I'm trying to prove that $W_0^{k,p}(\Omega)$ is Banach space by showing it is complete space.
So, here is what i got so far. Let $\{u_m\}$ be a Cauchy sequence in $W_0^{k,p}(\Omega)$, then, since $W_0^{k,p}(\Omega)\subset W^{k,p}(\Omega)$ and $W^{k,p}(\Omega)$ is complete, we have limit $u$ of $u_m$ in $W^{k,p}(\Omega)$.
I want to show that this $u$ is indeed in $W_0^{k,p}(\Omega)$. So, i need to show that there exists $\{\xi_j\}_{j=1}^{\infty}\subset C_0^\infty(\Omega)$ which converges to $u$ in $W^{k,p}(\Omega)$.

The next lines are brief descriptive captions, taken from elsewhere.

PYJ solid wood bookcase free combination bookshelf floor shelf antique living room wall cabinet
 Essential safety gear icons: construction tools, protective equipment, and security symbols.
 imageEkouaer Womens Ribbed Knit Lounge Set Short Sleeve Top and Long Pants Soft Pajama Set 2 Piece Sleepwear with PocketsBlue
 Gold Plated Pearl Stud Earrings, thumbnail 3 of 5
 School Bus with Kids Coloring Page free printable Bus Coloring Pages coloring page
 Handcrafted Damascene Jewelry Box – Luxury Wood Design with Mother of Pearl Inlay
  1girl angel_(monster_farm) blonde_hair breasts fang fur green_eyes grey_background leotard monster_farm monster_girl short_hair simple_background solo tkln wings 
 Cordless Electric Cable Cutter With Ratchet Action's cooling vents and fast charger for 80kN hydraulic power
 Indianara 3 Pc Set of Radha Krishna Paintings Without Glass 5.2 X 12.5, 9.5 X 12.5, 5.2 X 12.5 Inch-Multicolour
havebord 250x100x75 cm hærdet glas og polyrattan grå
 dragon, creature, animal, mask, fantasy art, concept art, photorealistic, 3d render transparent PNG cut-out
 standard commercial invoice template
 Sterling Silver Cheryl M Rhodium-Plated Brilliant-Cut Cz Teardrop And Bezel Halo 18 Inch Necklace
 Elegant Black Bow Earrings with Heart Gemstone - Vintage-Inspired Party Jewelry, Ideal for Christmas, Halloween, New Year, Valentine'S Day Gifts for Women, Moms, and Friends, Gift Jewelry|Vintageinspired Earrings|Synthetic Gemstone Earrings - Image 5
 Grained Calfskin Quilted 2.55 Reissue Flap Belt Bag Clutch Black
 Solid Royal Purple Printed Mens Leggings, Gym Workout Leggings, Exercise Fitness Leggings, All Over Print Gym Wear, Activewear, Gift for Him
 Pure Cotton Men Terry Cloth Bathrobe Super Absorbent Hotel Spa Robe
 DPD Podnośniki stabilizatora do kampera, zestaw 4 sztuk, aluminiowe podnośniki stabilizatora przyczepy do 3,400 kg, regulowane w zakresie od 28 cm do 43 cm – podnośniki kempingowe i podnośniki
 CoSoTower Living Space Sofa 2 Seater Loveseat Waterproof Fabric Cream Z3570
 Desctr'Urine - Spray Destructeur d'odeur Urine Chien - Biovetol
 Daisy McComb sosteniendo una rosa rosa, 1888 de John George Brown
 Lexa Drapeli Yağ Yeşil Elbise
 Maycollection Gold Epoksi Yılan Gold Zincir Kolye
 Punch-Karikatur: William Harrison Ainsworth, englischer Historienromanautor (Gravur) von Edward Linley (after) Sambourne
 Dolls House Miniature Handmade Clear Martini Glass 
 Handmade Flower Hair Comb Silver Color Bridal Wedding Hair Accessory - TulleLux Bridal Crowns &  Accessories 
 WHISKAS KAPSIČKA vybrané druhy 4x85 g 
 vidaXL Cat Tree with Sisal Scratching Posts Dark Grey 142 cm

How can i construct such sequence of smooth functions? Maybe construct from each smooth sequences in $u_m$ approximation?
Thanks in advance.
For each $m\in \mathbb{N}$, let $(u_{m, k})_{k}\subseteq C_0^\infty$ be a sequence convergin to $u_m$ in $W^{1,p}$.
Now, for each $n\in \mathbb{N}$, we may find $m\in\mathbb{N}$ such that $$ \lVert u - u _m \rVert < \frac{1}{n} $$ We may then find $k\in\mathbb{N}$ such that $$ \lVert u_m - u_{m, k}\rVert < \frac{1}{n} $$ So, define $v_n = u_{m,k}$. Then notice that $(v_n)$ is a sequence in $C_0^\infty$ converging to $u$ in $W^{1,p}$.
EDIT: As the comment below mentions, suppose you have a complete metric space $X$ and a subset $A\subseteq X$. Then we define the closure $\overline{A}$ of $A$ to be the collection of all $x\in X$ such that $x = \lim x_n$ for some sequence $(x_n)_n\subseteq A$.The above method allows one to show that $\overline{A}$ is indeed closed (in the topological sense).